Four time slot TDMA technology was adopted in TETRA as it offered the optimum solution to balance the cost of equipment with that of supporting the services and facilities required by user organisations for a medium to high capacity network providing single site local RF coverage and/or multiple site wide area RF coverage.

RF Spectrum efficiency is a combination of three main factors being the occupied bandwidth per communication channel, the frequency re-use factor determined by the Carrier to Interference protection ratio C/I in dB’s and the trunking technology used. As previously mentioned TETRA utilises the latest in trunking technology. Also, as can be seen in the diagram, the TDMA technology used in TETRA provides 4 independent communications channels in a 25 kHz RF bandwidth Channel, making it twice as efficient in occupied bandwidth terms as a traditional 12.5 kHz RF bandwidth FDMA channel. Although FDMA technologies tend to have a better C/I performance than TDMA TETRA, the overall spectrum efficiency advantage lies with TETRA, especially for medium to high capacity networks.
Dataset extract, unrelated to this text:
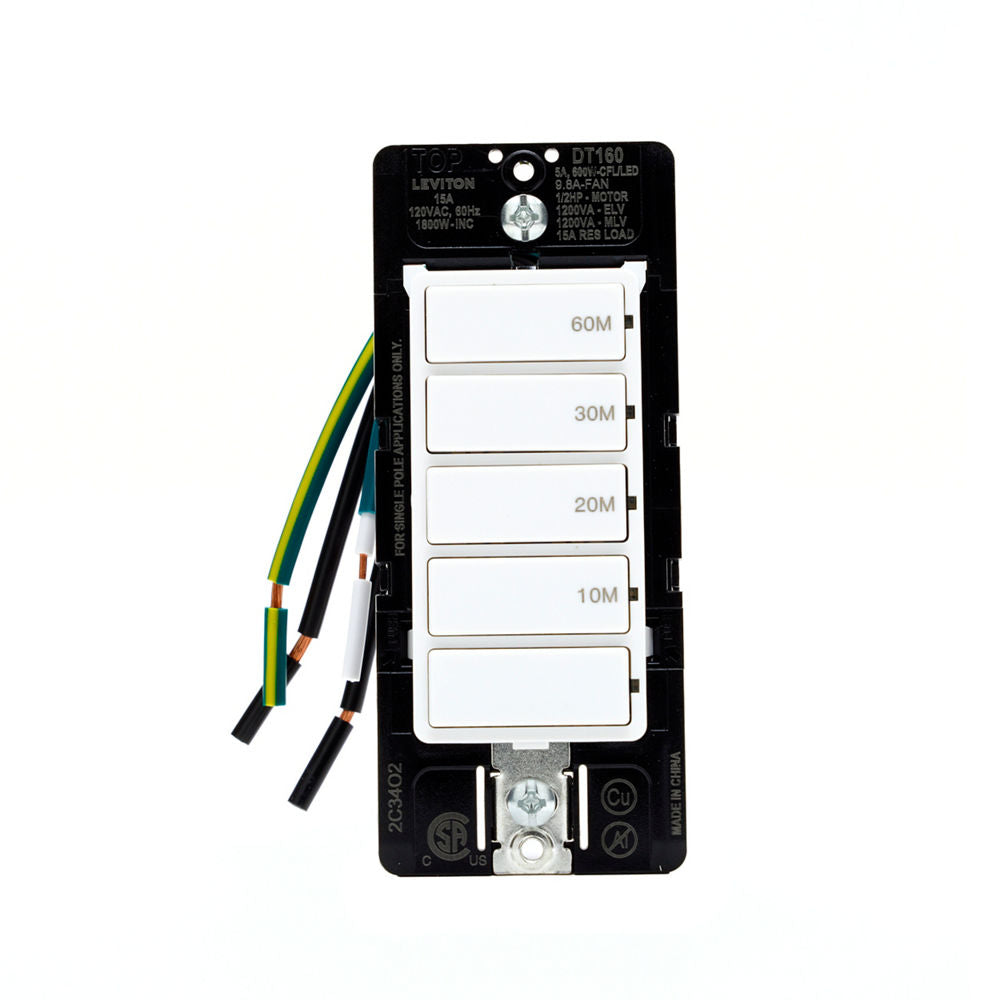 Leviton DT160-1LW Wiring Device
Because trunking is employed to increase network capacity and/or RF spectrum efficiency (for a given Grade of Service) the cost and equipment space at base station site can be significantly reduced compared with traditional FDMA technology trunking solutions.

From the base station equipment configuration in figure 2 it can be seen that the FDMA solution requires 4 separate transceivers where as the TDMA solution only requires 1 transceiver. As a consequence, the FDMA solution requires a transmitter antenna combining and receiver splitting network to enable single transmit and receive antenna working. Also, the RF power output of the FDMA transmitters will need to be higher in order to compensate for transmission losses in the transmit antenna combining network.    Because 4 slot TDMA already supports four independent communication paths, no antenna combining equipment is required, thereby saving space as well as cost.
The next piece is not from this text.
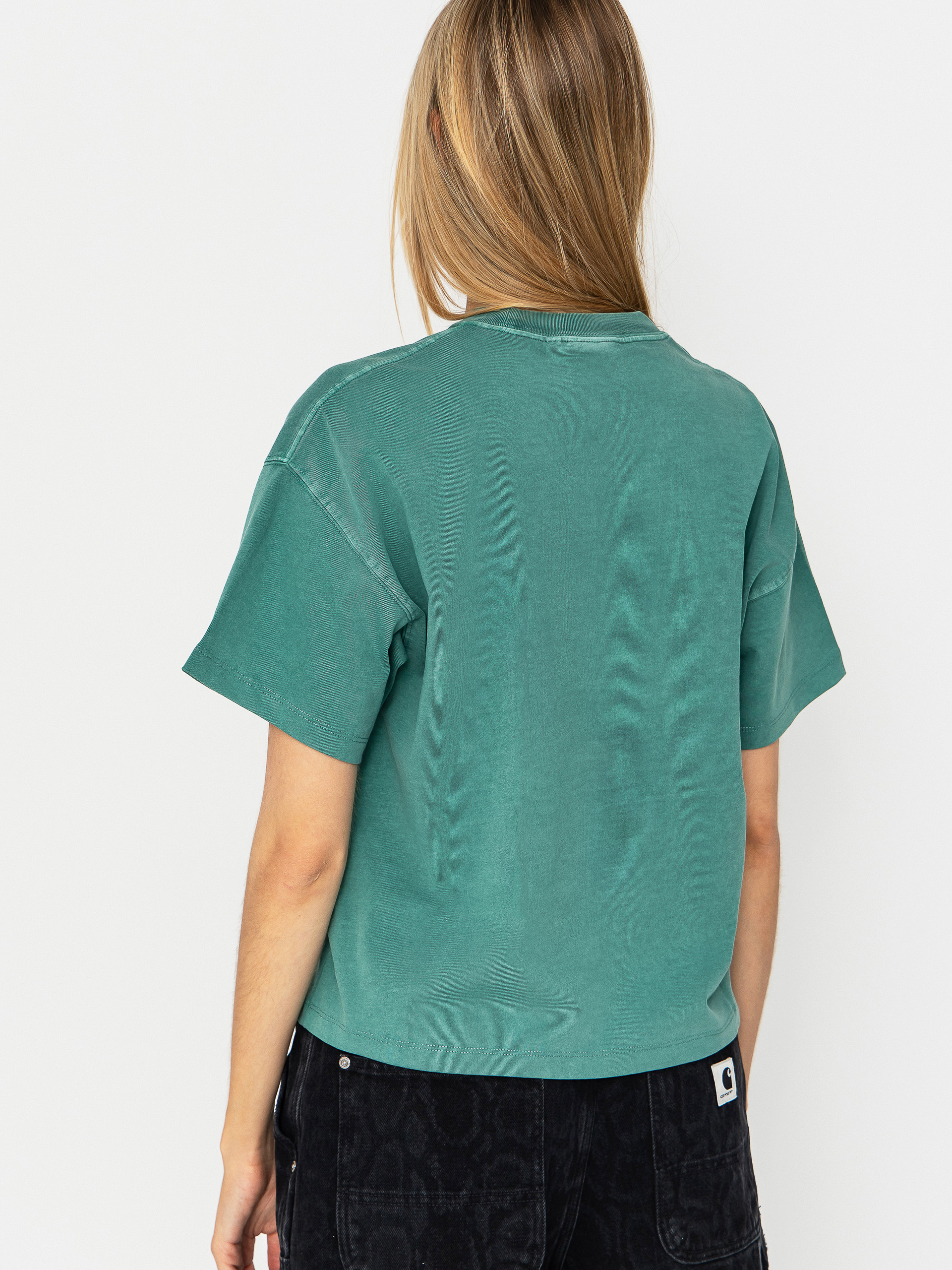 Carhartt WIP Benton Wmn Póló (lily)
Another advantage of TDMA technology is that it enables new services and facilities to be supported with minimum cost.

Some of these examples are:

Higher Data Rates

The ‘laws of physics’ limits the maximum data rate in a given RF channel bandwidth. Assuming the same modulation scheme, the wider the channel bandwidth the higher the data rate. Because TDMA uses wider channels than FDMA, the combined data rate on a single RF carrier is greater.
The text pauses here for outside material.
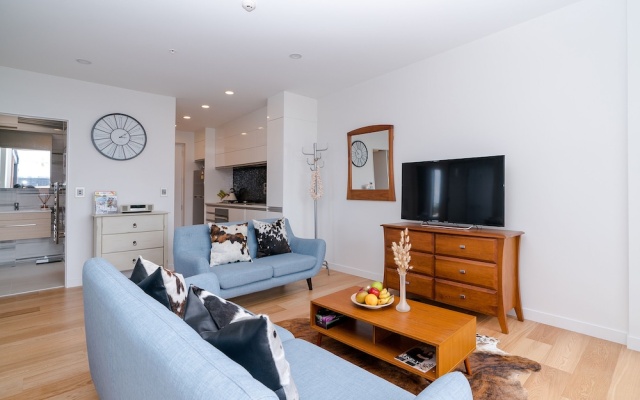 Ivory Newmarket Top Level Modern 2 Bd Apt – Guest Rooms – Auckland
Improved Data Throughput in Poor RF Signal Conditions

The net data rate in TDMA is better than FDMA in poor RF propagation conditions. This is because Automatic Repeat Requests (ARQ’s) are required when received data is corrupted as a result of RF fading. As TDMA terminal devices effectively
operate in full duplex ARQ’s can be sent efficiently after each time slot transmission if required. As FDMA terminals operate mainly in simplex (either transmit or receive), any ARQ scheme employed will require a transmission interrupt to allow ARQ’s to be received, which dependent on the number of interrupts employed can be very inefficient.


Bandwidth on Demand

In TDMA any number of time slots up to the maximum limit of the technology being employed can be combined to increase data throughput as required for specific applications.

Concurrent Voice and Data

Because of the TDMA time slot structure it is possible to assign one time slot to support voice and the next time slot to support data in a two slot transmission from radio terminals. This capability effectively allows a single radio terminal to concurrently transmit or receiver voice and data at the same time.

Full duplex Voice Communications

TDMA technology inherently supports full duplex communications. Although full duplex voice communications can be supported on FDMA systems the need for duplex operation requires RF screening between the transmitter and receiver and also a duplexer to allow single antenna working. Because of this, duplex FDMA radio terminals are usually bulkier and more costly to produce than TDMA terminals, which do not need RF screening or antenna duplexers.

In summary, TETRA’s 4 time slot TDMA technology offers the optimum solution, which balances the cost of equipment with that of supporting the services and facilities required by user organisations for a medium to high capacity network providing single site local RF coverage and/or multiple site wide area RF coverage.